Earlier, Chadha, accompanied by former MP Sadhu Singh and MLAs Budhram, Prof Baljinder Kaur, Gurmeet Singh Meet Hayer, and Master Baldev Singh reached the residence of the Makhan Khan (44), who died of heart attack at Singhu border on December 14. Makhan had been parts of the of farmers’ movement since November 26.
Chadha also met the family of 80-year-old Gurbachan Singh, who died on November 30, during the ongoing farmers’ protest in Moga. Talking to the media after meeting the farmers’ families, Chadha said he had not as a political leader “but only to join the grief of the families as a sewadar”.
Chadha said that AAP has extended legal assistance to the farmers, who want to move courts against the BJP leaders for their defamatory remarks against them. “It is because of the sacrifices made by a farmer and his family that food reaches our homes, our plates, and we are able to eat. Abusing an honest farmer, is similar to abusing Mother India,” he said.
“BJP leaders have at different times described the farmers as terrorists, anti-nationals, goondas, dalaals, agents of Pakistan and China. Does our farmer look like a terrorist? I would like to tell the BJP that our farmers have had enough. They are done with being maligned and abused. They now want to knock at the doors of justice, and we truly believe that victory would be theirs,” said Chadha.
The AAP leader said that some farmers have decided to “seek justice after relentless verbal abuse at the hands of BJP leaders”. The AA, he said, “vows to stand with the farmers” in their fight till the BJP leaders are punished. “Right from filing a case, to fighting in court, the party will work with the farmers and for the farmers, helping them every step of the way,” he said.

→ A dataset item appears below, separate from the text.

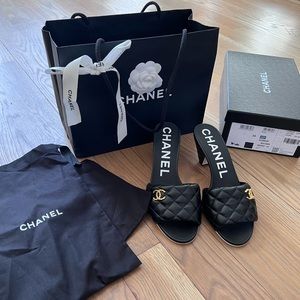 Chanel mules lambskin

Chadha said that more than 20 BJP leaders including Union Ministers Giriraj Singh, Piyush Goyal and Ravi Shankar Prasad, MP Manoj Tiwari, Gujarat Deputy CM Nitin Patel and party national general secretary Ram Madhav, and Haryana CM Manohar Lal Khattar have allegedly used unparliamentary language and hurled abuses at the farmers.
“Kuldeep Singh Dhaliwal, a farmer from Amritsar, had sent a legal notice to Union Minister Giriraj Singh, seeking an unconditional apology for his defamatory and derogatory remarks made on December 12. The minister had stated that foreign forces had entered the farmers’ movement, and posters of Khalistan were being put up. Similarly on December 17, Gujarat’s deputy CM Nitin Patel had said that in the name of farmers, anti-national elements, terrorists, Khalistanis, Communists and pro-China people had sneaked into the agitation. Taking objection to such accusations, Ramneek Singh Randhawa from Jalandhar sent a notice to Patel, seeking apology and unambiguous withdrawal of the derogatory statements. Another farmer Sukhwinder Singh Sidhu aka Mohinder Singh Sidhu from Sangrur, has also filed a defamation case against Ram Madhav for his statement that the farmer protests were being funded by Khalistanis,” said Chadha.